- Given records:

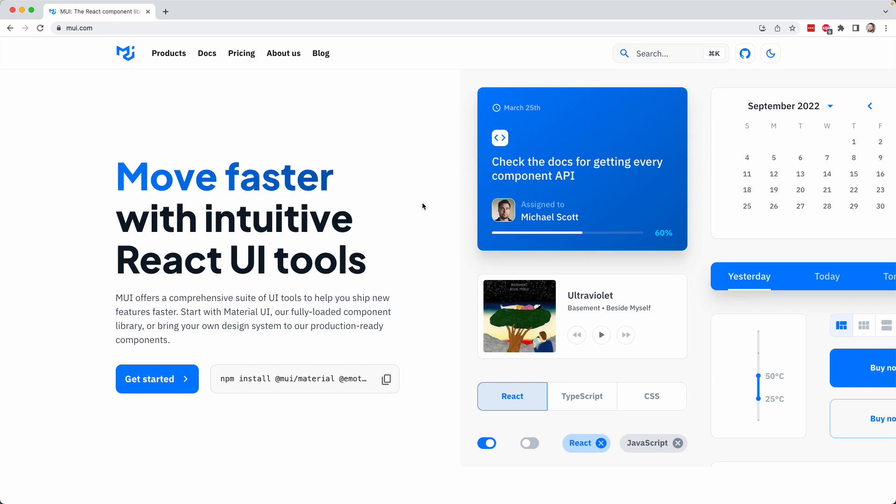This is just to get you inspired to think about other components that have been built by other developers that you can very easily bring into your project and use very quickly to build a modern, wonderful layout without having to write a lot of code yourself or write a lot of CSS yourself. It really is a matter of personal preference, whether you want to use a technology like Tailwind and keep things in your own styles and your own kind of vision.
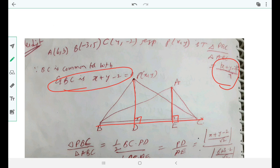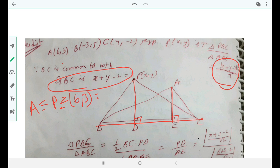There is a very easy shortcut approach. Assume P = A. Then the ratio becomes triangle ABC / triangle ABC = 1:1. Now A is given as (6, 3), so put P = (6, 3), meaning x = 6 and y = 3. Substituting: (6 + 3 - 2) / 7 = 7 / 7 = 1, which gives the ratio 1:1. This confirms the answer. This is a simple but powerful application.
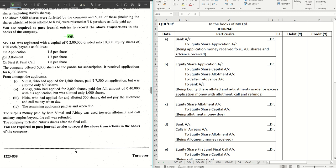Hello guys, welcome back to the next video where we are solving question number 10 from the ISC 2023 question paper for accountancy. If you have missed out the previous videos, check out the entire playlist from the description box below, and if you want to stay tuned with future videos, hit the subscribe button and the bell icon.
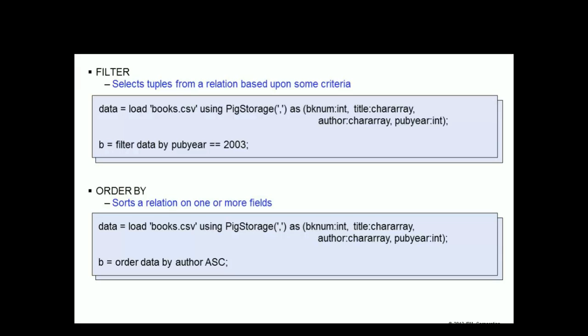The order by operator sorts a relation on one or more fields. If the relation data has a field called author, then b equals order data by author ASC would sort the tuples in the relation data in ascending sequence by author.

...

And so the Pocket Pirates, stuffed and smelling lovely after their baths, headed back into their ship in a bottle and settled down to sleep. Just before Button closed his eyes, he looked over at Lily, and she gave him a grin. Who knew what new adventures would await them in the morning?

==

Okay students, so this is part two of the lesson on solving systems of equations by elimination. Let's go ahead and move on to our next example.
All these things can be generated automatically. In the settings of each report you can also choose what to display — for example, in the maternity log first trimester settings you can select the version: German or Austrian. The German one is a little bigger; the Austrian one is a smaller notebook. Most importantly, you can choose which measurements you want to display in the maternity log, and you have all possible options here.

- Instructions to follow: What's needed is an exact copy of the records above from the line containing "This is just" down to the line containing "The order by", both included, without any pictures.

- Expected answer:
This is just to get you inspired to think about other components that have been built by other developers that you can very easily bring into your project and use very quickly to build a modern, wonderful layout without having to write a lot of code yourself or write a lot of CSS yourself. It really is a matter of personal preference, whether you want to use a technology like Tailwind and keep things in your own styles and your own kind of vision.
There is a very easy shortcut approach. Assume P = A. Then the ratio becomes triangle ABC / triangle ABC = 1:1. Now A is given as (6, 3), so put P = (6, 3), meaning x = 6 and y = 3. Substituting: (6 + 3 - 2) / 7 = 7 / 7 = 1, which gives the ratio 1:1. This confirms the answer. This is a simple but powerful application.
Hello guys, welcome back to the next video where we are solving question number 10 from the ISC 2023 question paper for accountancy. If you have missed out the previous videos, check out the entire playlist from the description box below, and if you want to stay tuned with future videos, hit the subscribe button and the bell icon.
The order by operator sorts a relation on one or more fields. If the relation data has a field called author, then b equals order data by author ASC would sort the tuples in the relation data in ascending sequence by author.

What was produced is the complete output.